### Work request
Below is a listing. Write out exactly its lines between the one holding "Как пользоваться туалетом А-320 Neo" and the one holding "王永康 9787573425072 吉林教育", inclusive.

### Stored data
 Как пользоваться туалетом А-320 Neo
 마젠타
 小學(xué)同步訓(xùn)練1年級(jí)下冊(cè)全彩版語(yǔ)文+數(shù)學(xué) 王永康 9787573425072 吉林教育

* * *

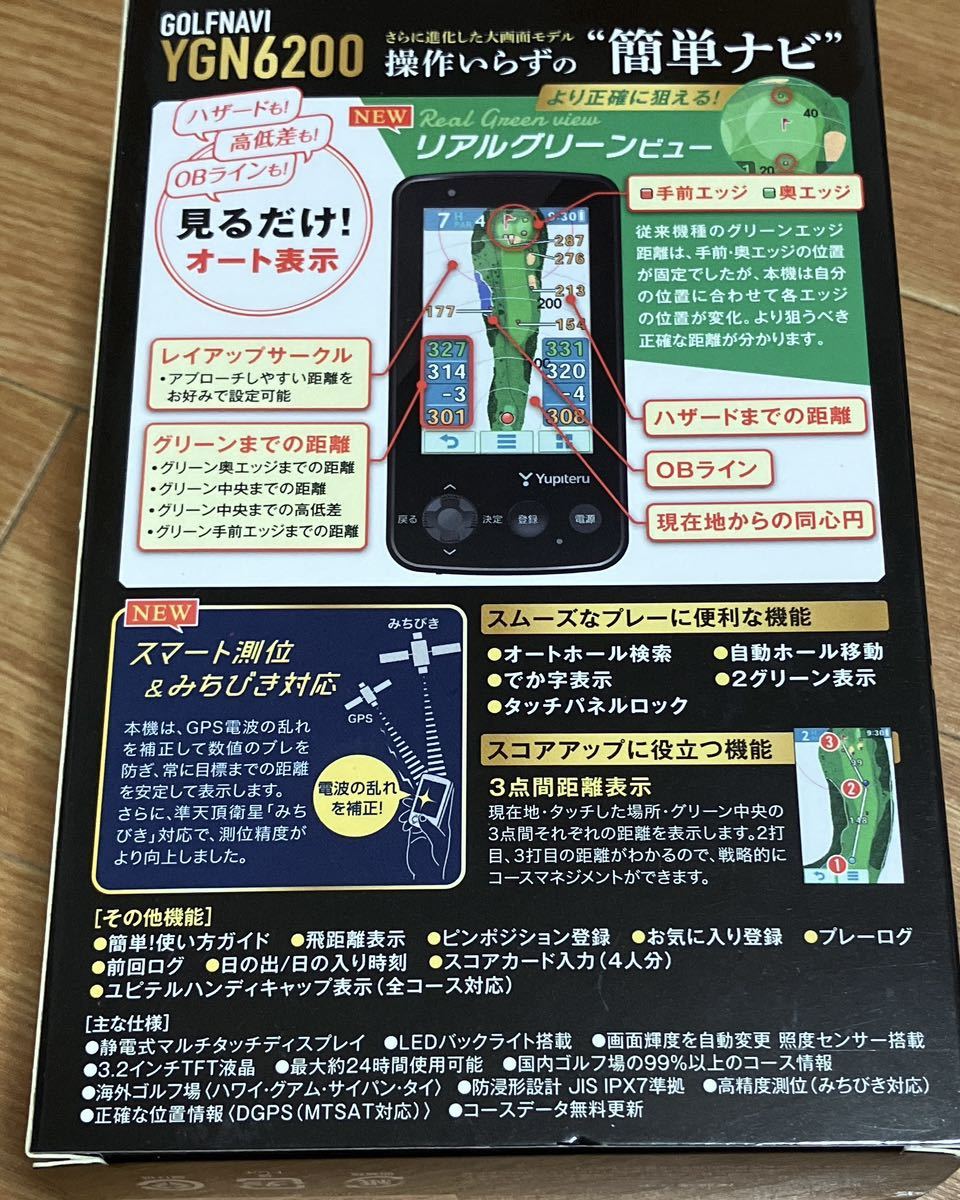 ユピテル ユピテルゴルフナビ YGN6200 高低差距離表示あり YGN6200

### Written solution
 Как пользоваться туалетом А-320 Neo
 마젠타
 小學(xué)同步訓(xùn)練1年級(jí)下冊(cè)全彩版語(yǔ)文+數(shù)學(xué) 王永康 9787573425072 吉林教育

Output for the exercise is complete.